Kemarahan Mberu terpicu oleh pernyataan Gani di radio, menanggapi tindakan Mberu menyegel Kantor Satpol PP karena aparat satuan ini tidak menjalankan tugas piket pada beberapa pos. Gani menilai menyegel kantor merupakan tindakan dari orang yang tidak bertanggung jawab. Menyegel kantor sama dengan menghalangi akses bagi pelayanan publik.

Marah itu manusiawi. Emosi tak terkontrol bisa terjadi pada siapa saja. Karena itu, meminjam lirik sebuah lagu, kita boleh mengatakan “Sekda Mberu juga manusia”. Ungkapan ini sederhana, tetapi mewakili pandangan yang hakiki tentang pemimpin.
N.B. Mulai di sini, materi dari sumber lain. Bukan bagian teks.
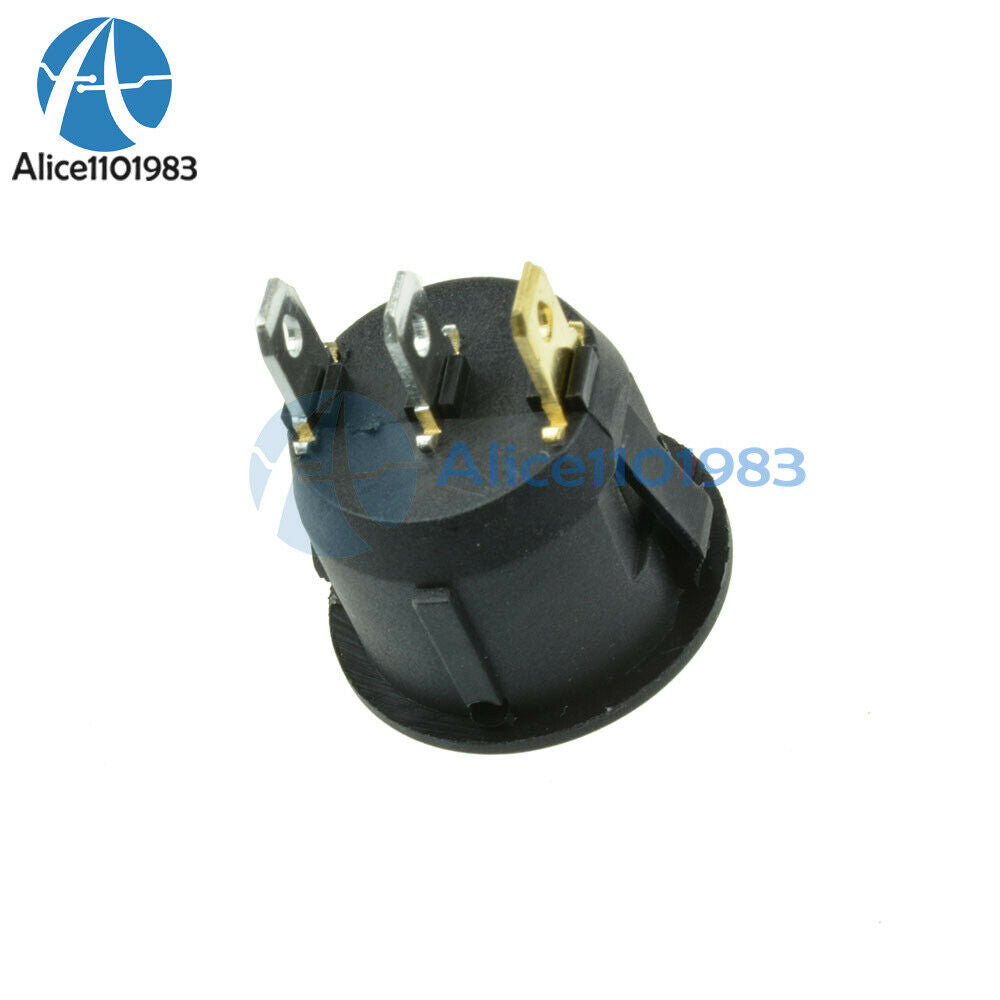 50PCS Mini Round 3Pin Blue SPDT ON-OFF Rocker Switch Snap-in 6A/250V 10A/125V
Dalam sistem aristokrasi, pemimpin dianggap sebagai panutan. Ia harus memiliki kebajikan yang patut dicontoh. Itu berarti pula, ia mesti mempunyai bobot moral di atas rata-rata moral orang kebanyakan. Ungkapan Prancis, noblesse oblige. Kebangsawanan itu mewajibkan. Status sosial yang lebih tinggi menyertakan kewajiban lebih banyak, termasuk kewajiban memberikan teladan.

Dari kacamata demokrasi, cara pandang ini mengandung ketidakadilan bagi pemimpin. Kalau berbuat baik dan benar, ia dianggap biasa saja karena begitulah seharusnya seorang panutan. Seakan-akan keteladanannya bukan hasil perjuangan pribadinya. Sebaliknya, kalau berbuat salah, ia dikecam. Ia diperlakukan tidak sebagai manusia biasa. Padahal, “pemimpin juga manusia”.
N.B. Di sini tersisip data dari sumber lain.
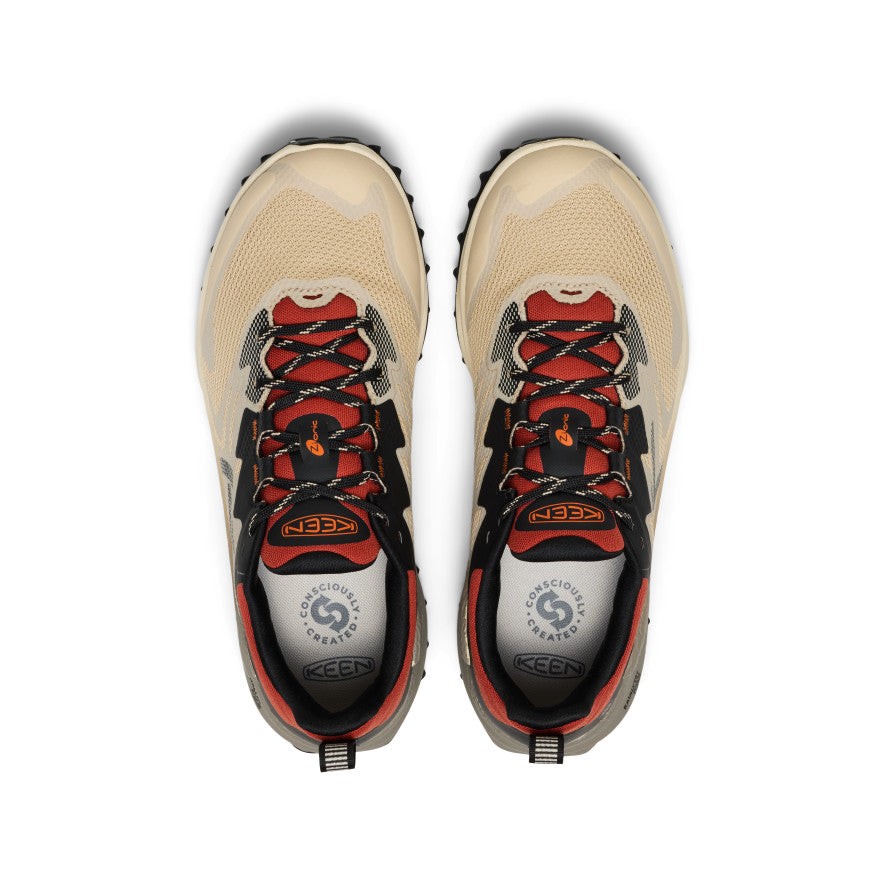Keen Men's Zionic NXT Waterproof Hiking Shoe | Safari/Red Ochre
Sebagai pemimpin, Sekda Mberu juga manusia. Sebagai manusia, ia sama dengan orang yang dipimpinnya. Bahkan, ia jauh lebih rentan terhadap kesalahan, karena ia memiliki kekuasaan, yang dalam dirinya selalu mengandung kecenderungan untuk disalahgunakan . Asas noblesse oblige diganti asas power tends to corrupt.

Karena itulah, menurut sosiolog Ignas Kelden, pemimpin yang baik dalam sistem demokrasi bukanlah pemimpin panutan. Dia tidak usah berpretensi menjadi pemimpin tanpa cela. Secara demokratis, pemimpin yang baik hanya perlu tunduk pada pengawasan publik. Kritik Heri Gani terhadap tindakan Sekda Mberu merupakan satu bentuk pengawasan itu.
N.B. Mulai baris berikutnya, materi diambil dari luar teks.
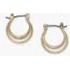 Earrings - Delicate Gold Ring Hoops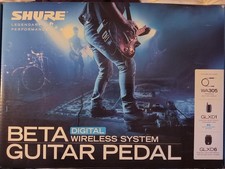 Shure Beta GLXD6 Digital Wireless System Guitar Pedal - Good Condition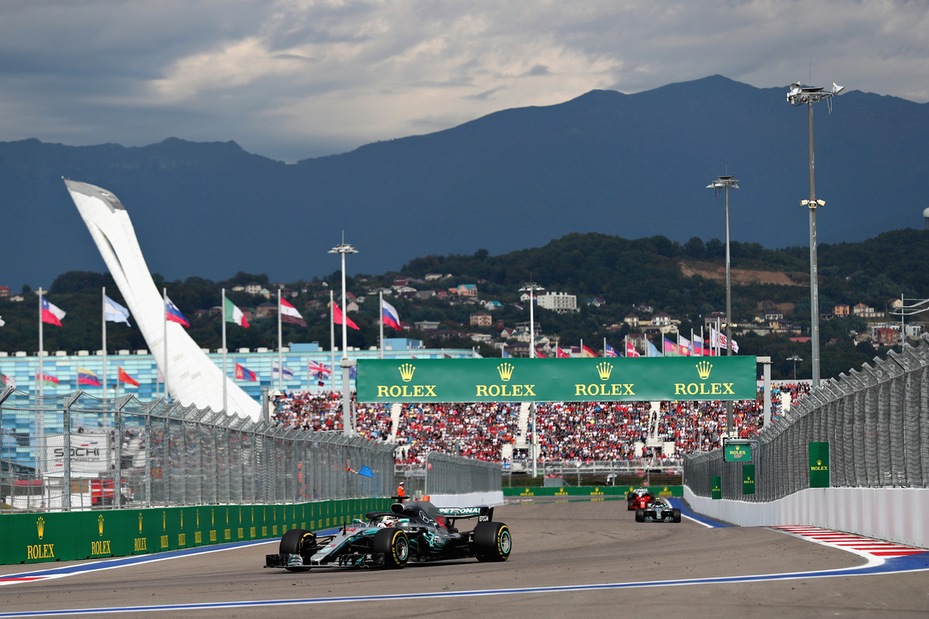 F1 Gp Russia: vince Hamilton, Vettel terzo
Pemimpin yang baik, kata Ignas Kleden, harus diandaikan bisa melakukan kesalahan, tetapi dia harus siap dikoreksi. Legitimasinya lebih terjamin kalau dia berani mengakui kesalahannya, memperbaikinya, dan bersedia menerima sanksi. Ini lebih menguntungkannya secara politik daripada kalau dia berdalih membenarkan diri. Apakah Sekda Mberu telah menempuh jalan ini?